Find the limit of the following sequence.
\[
{\left(\frac{(n^{2} + 2n + 1)^{n}}
{n^{2n}} \right)}_{n=1}^{\infty }
\]
Hint: The limit of the sequence \({\bigl ({\bigl (1 + \frac{1}
{n}\bigr )}^{n}\bigr )}_{n=1}^{\infty }\)
is the Euler number \(\mathrm{e}\).
Find the limit of the following sequence.
\[
{\left({\Bigl (\frac{\root{n}\of{2}}
{n} + \root{n}\of{2}\Bigr )}^{n}\right)}_{
n=1}^{\infty }
\]
Hint: The limit of the sequence \({\bigl ({\bigl (1 + \frac{1}
{n}\bigr )}^{n}\bigr )}_{n=1}^{\infty }\)
is the Euler number \(\mathrm{e}\).
Find the limit of the following sequence.
\[
{\left({\Bigl (\frac{2n + 1}
{n} \Bigr )}^{n}\right)}_{
n=1}^{\infty }
\]
Hint: The limit of the sequence \({\bigl ({\bigl (1 + \frac{1}
{n}\bigr )}^{n}\bigr )}_{n=1}^{\infty }\)

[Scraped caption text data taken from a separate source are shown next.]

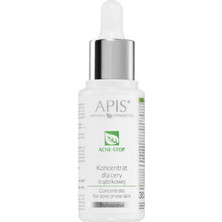 Apis Natural Cosmetics Acne-Stop Professional Ενυδατικό Serum Προσώπου για Ακμή με Αλόη & Πράσινο Τσάι 30ml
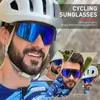 Kapvoe Lunes à vélo de vélo de vélo de vélo de vélo d'extérieur UV400 Cycling Sunglasses Sports Myopia Frame MTB Lunes à vélo 240422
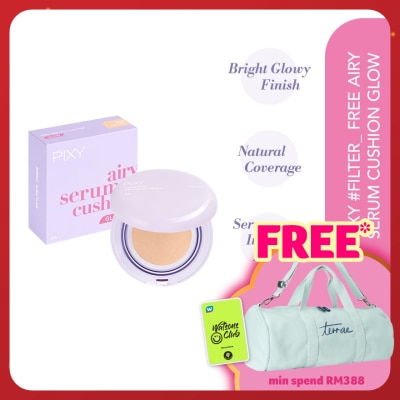 PIXY Filter Free Airy Serum Cushion Glow N30 Neutral Beige 15g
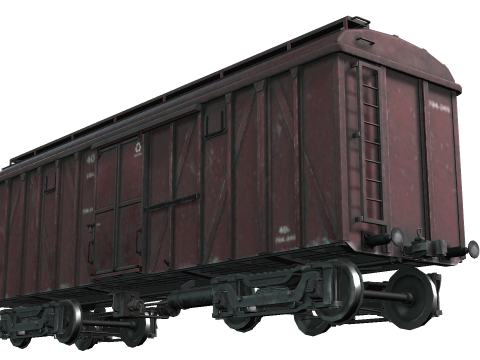 Freight Vagon 3D 모델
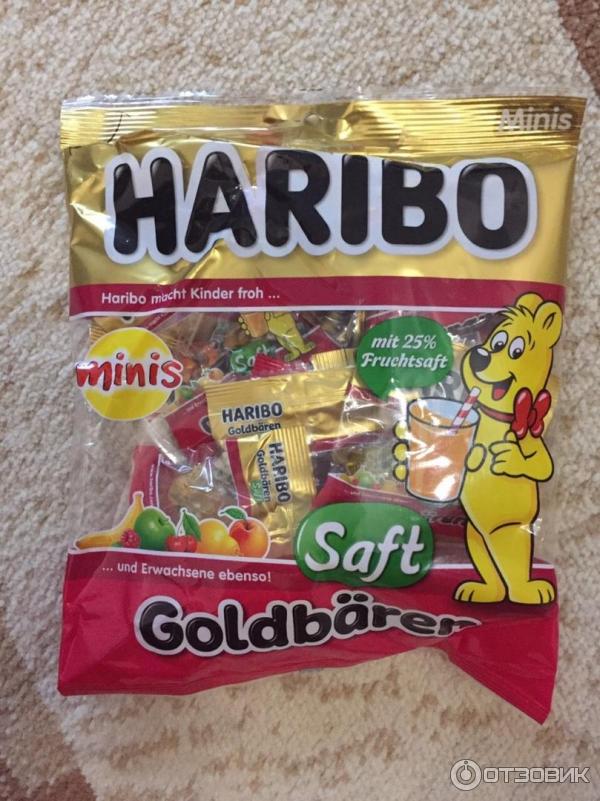 Жевательный мармелад Haribo Золотой мишка фото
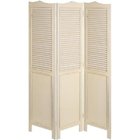 China Manufacturer Wooden White Foldable Screens Room Divider Room Partition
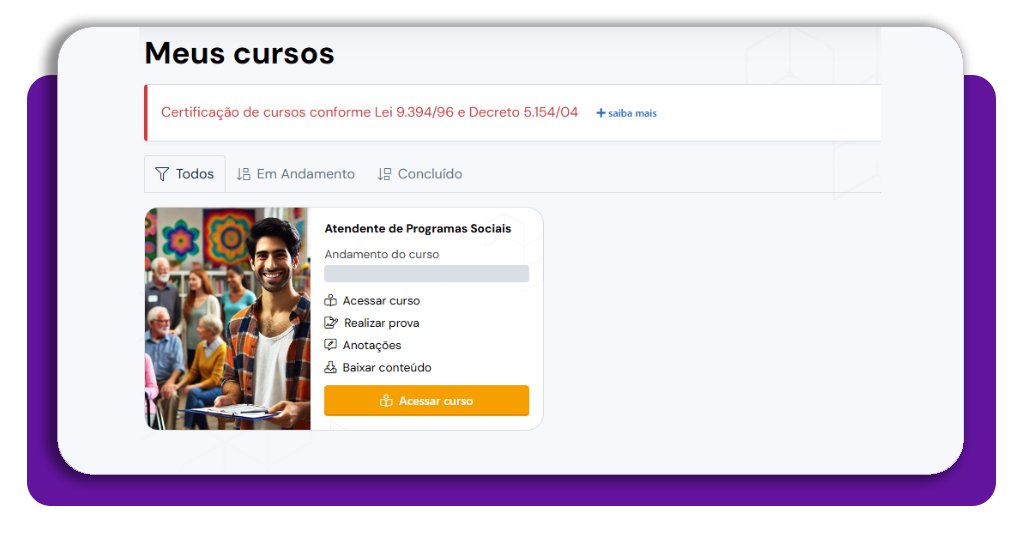 Atendente de programas sociais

is the Euler number \(\mathrm{e}\).
Consider the convergent sequence
\[
\left ( \frac{5 - n}
{2n - 1}\right )_{n=1}^{\infty }
\]
and its limit \(L\).
Find the index of the first term of the sequence which differs from
\(L\) by less
than \(\frac{1}
{100}\).
Consider the sequence
\[
\left (\frac{(-1)^{n}}
{n} + 3\right )_{n=1}^{\infty }
\]
and its limit \(L\). How many terms
of the sequence differ from \(L\)
by more than \(\frac{1}
{50}\)?